Martha Ann Travis married Nicholas Stallworth Jr. (21 Feb. 1810-15 Jan. 1853) before 1831 in Conecuh County, the son of Nicholas Stallworth and Mary Adams.
In The History of Edgefield County From the Earliest Settlements to 1897, comes these comments: “Prominent among the first generation of young men reared in Conecuh County, Alabama, was Nicholas Stallworth Jr. He was born in Edgefield District, S.C., Feb 21, 1810. When he was only eight years of age he was brought with the remainder of his father's family to Alabama. He was married to Miss Martha Travis, eldest daughter of Rev. Alexander Travis. The result of this union was seven children, among whom were Robert P. Stallworth and Frank M. Stallworth, of Falls County, Texas, Major Nick Stallworth, late of Hilliard's Legion, and Mrs.
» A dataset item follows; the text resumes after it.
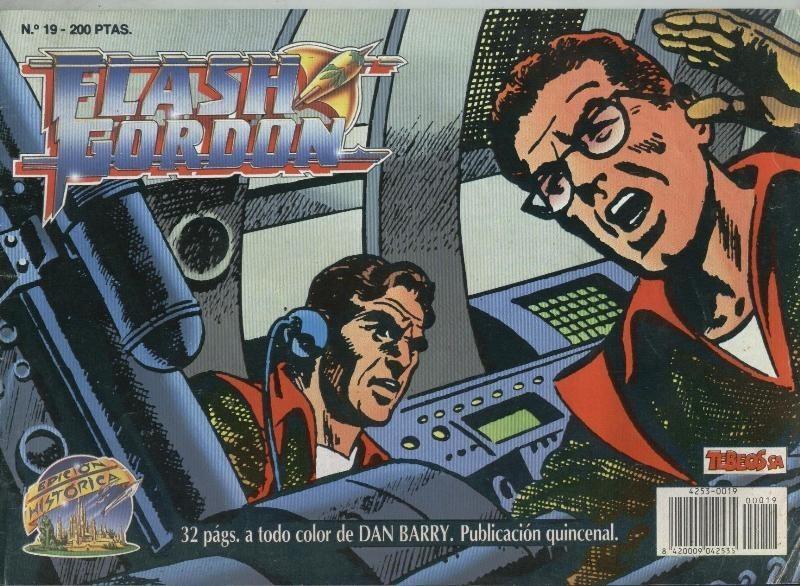 Ediciones B: Flash Gordon numero 19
Barnett, the wife of Honorable Samuel A. Barnett, of Mobile.
Reared at a time and in a community where few schools existed, Mr. Stallworth had to depend almost entirely upon self-training. He lacked none of the virtures of a sterling citizen. Hospitable, liberal, and public spirited, he was quite popular. Without himself seeking the position, he was at one time made circuit clerk of Conecuh County. When, in 1850, the office of judge of probate was made elective, he warmly espoused the candidacy of A.D. Cary. As early as 1838 Mr. Stallworth foresaw the struggle, which reached bloody culmination in 1861. The tendency of existing political issues caused him to predict the dismemberment of the Union, and the probable abolition of slavery. Mr. Stallworth died in 1853, in the prime of manhood. He left descendants, sons, J.A. Stallworth and young Nick Stallworth, who were an honor to their ancestry and to Edgefield.”
Another part of the material that I received, names the children of Martha Travis and Nicholas Stallworth as, Robert P. Stallworth (abt 1831), Mary Stallworth (abt. 1832), Nicholas Stallworth (abt. 1834), Francis Stallworth (abt. 1835), Robert Stallworth (abt. 1837), Martha Stallworth (abt. 1838), Alexander Stallworth (abt. 1842), and Elizabeth Stallworth (abt. 1848).